__Study material__.
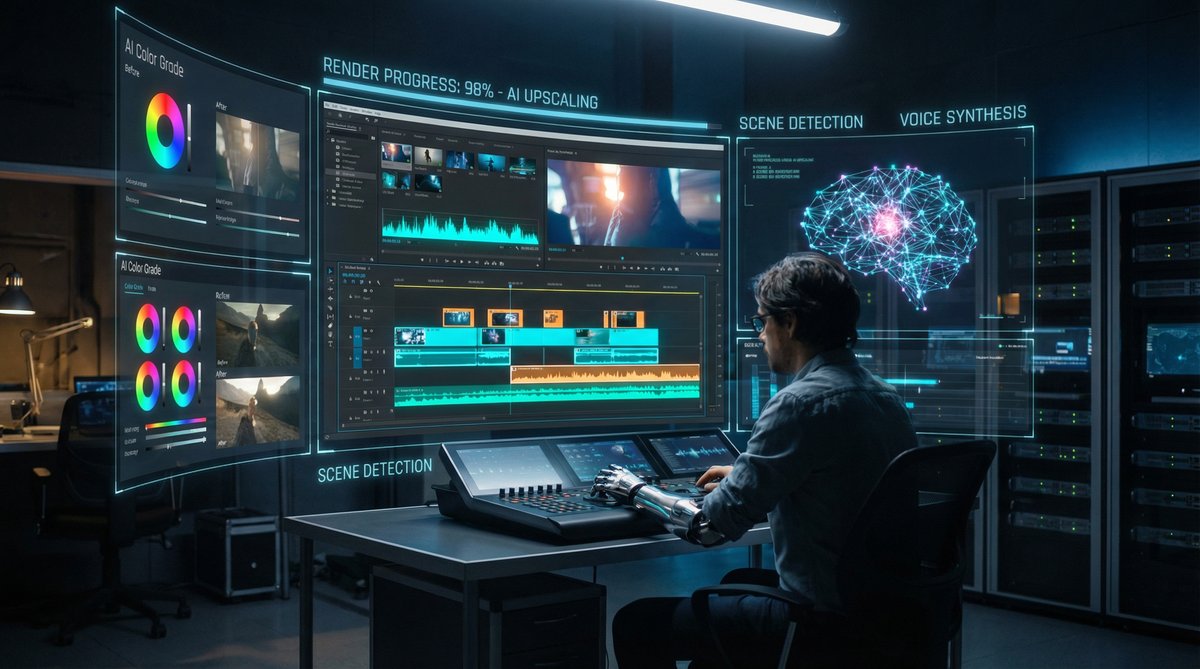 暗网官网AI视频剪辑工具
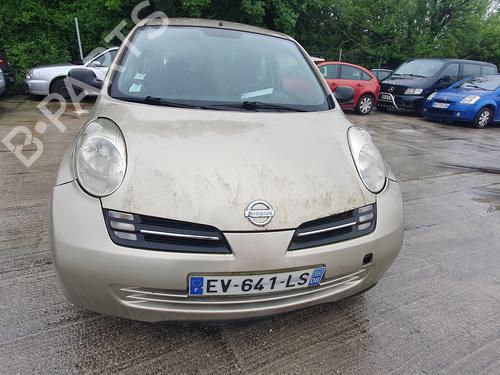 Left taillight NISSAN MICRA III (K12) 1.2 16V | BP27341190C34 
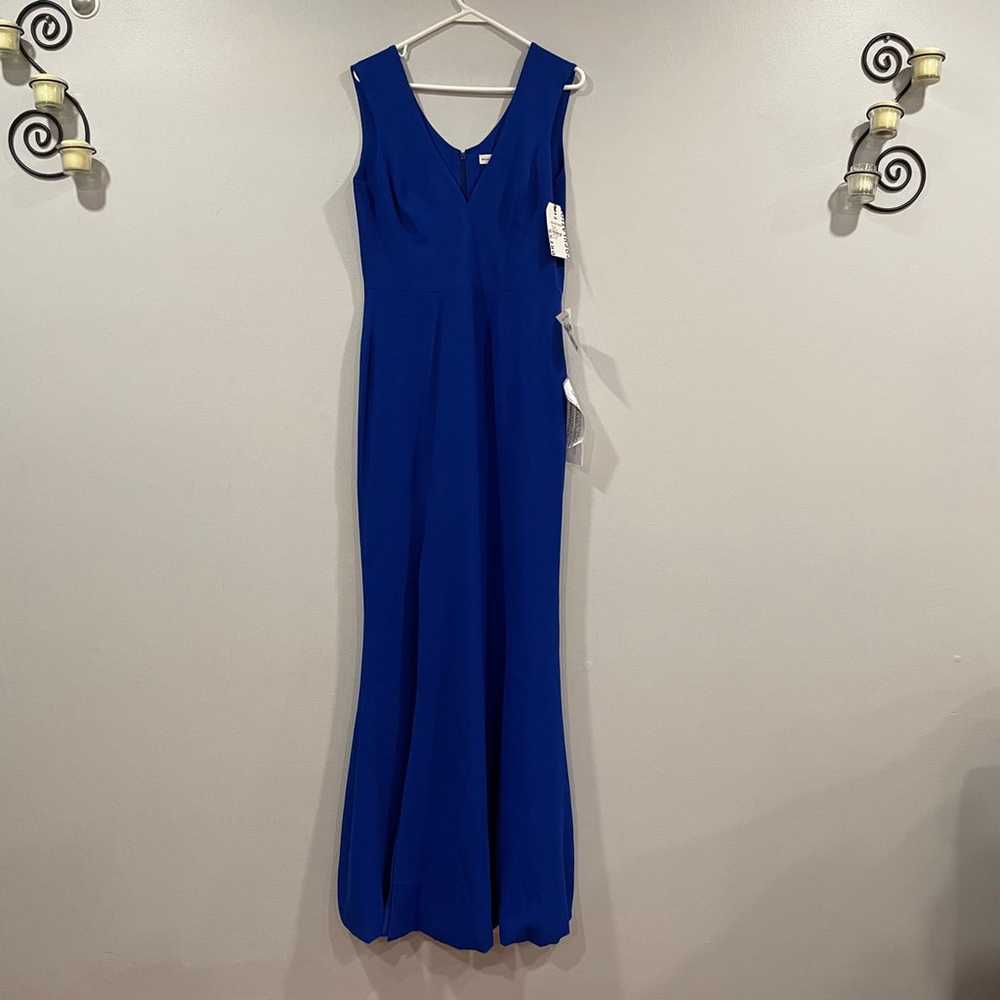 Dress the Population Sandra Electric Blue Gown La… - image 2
* * *
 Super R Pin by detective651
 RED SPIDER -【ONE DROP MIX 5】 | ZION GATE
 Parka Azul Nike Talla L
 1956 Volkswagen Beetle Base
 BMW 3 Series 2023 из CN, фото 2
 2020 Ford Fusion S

__Task description__. Copy out, exactly and alone, the lines of the entries above between the ones holding "RED SPIDER -【ONE DROP MIX 5】 | ZION GATE" and "2020 Ford Fusion S", inclusive.

__Response__.
 RED SPIDER -【ONE DROP MIX 5】 | ZION GATE
 Parka Azul Nike Talla L
 1956 Volkswagen Beetle Base
 BMW 3 Series 2023 из CN, фото 2
 2020 Ford Fusion S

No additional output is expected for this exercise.